Dois elementos deram destaque à morte de Eloá: o envolvimento de certo tipo de imprensa que, de seu papel observador, passou a uma espécie de protagonismo, e a ação desastrada da polícia. Mas, ao contrário do que sustentou a defesa de Lindemberg, ninguém é culpado – a não ser o próprio assassino, quando puxa o gatilho.

A responsabilidade pela morte da jovem, portanto, não é da sociedade, nem da imprensa – embora, ressalte-se, quanto menos protagonista, mais precisa em seu papel de informar será a imprensa. Além disso, apesar dos avanços, o episódio demonstra que a polícia ainda precisa avançar em seus mecanismos de negociação. Do contrário, não teria consentido em mandar de volta ao seu algoz uma jovem de 15 anos, Nayara.

Acusação e defesa – O julgamento durou quatro dias e foi encerrado na tarde desta quinta-feira. A sessão teve início às 10 horas com os momentos mais decisivos do júri: o embate entre entre defesa e acusação, tendo, de um lado, a promotora Daniela Hashimoto e, de outro, a advogada do réu, Ana Lúcia Assad. Após os debates, os sete jurados se reuniram na sala secreta para chegar a um veredito e a juíza Milena Dias redigiu a sentença, proferida por ela pouco depois das 19h30.

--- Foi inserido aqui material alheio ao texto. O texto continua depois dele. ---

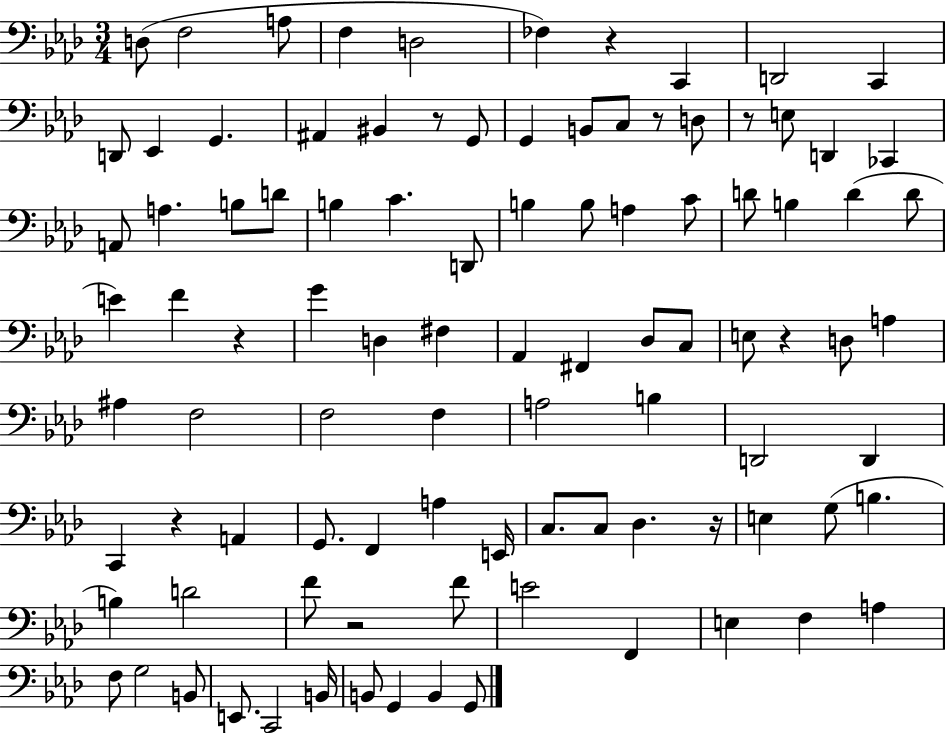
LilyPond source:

{
  \clef bass
  \numericTimeSignature
  \time 3/4
  \key aes \major
  \repeat volta 2 { d8( f2 a8 | f4 d2 | fes4) r4 c,4 | d,2 c,4 | \break d,8 ees,4 g,4. | ais,4 bis,4 r8 g,8 | g,4 b,8 c8 r8 d8 | r8 e8 d,4 ces,4 | \break a,8 a4. b8 d'8 | b4 c'4. d,8 | b4 b8 a4 c'8 | d'8 b4 d'4( d'8 | \break e'4) f'4 r4 | g'4 d4 fis4 | aes,4 fis,4 des8 c8 | e8 r4 d8 a4 | \break ais4 f2 | f2 f4 | a2 b4 | d,2 d,4 | \break c,4 r4 a,4 | g,8. f,4 a4 e,16 | c8. c8 des4. r16 | e4 g8( b4. | \break b4) d'2 | f'8 r2 f'8 | e'2 f,4 | e4 f4 a4 | \break f8 g2 b,8 | e,8. c,2 b,16 | b,8 g,4 b,4 g,8 | } \bar "|."
}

Sob o olhar atento de Lindemberg, Daniela Hashimoto foi a primeira a falar. Ressaltou: o réu sabia exatamente o que iria fazer quando chegou ao apartamento da ex-namorada no dia 13 de outubro de 2008. “Coloquem-se no papel das vítimas”, disse aos jurados. Segundo ela, uma mensagem no celular de Eloá foi o motivo do primeiro disparo, quando, no primeiro dia de cativeiro, Lindemberg atirou em direção à multidão que se aglomerava do lado de fora.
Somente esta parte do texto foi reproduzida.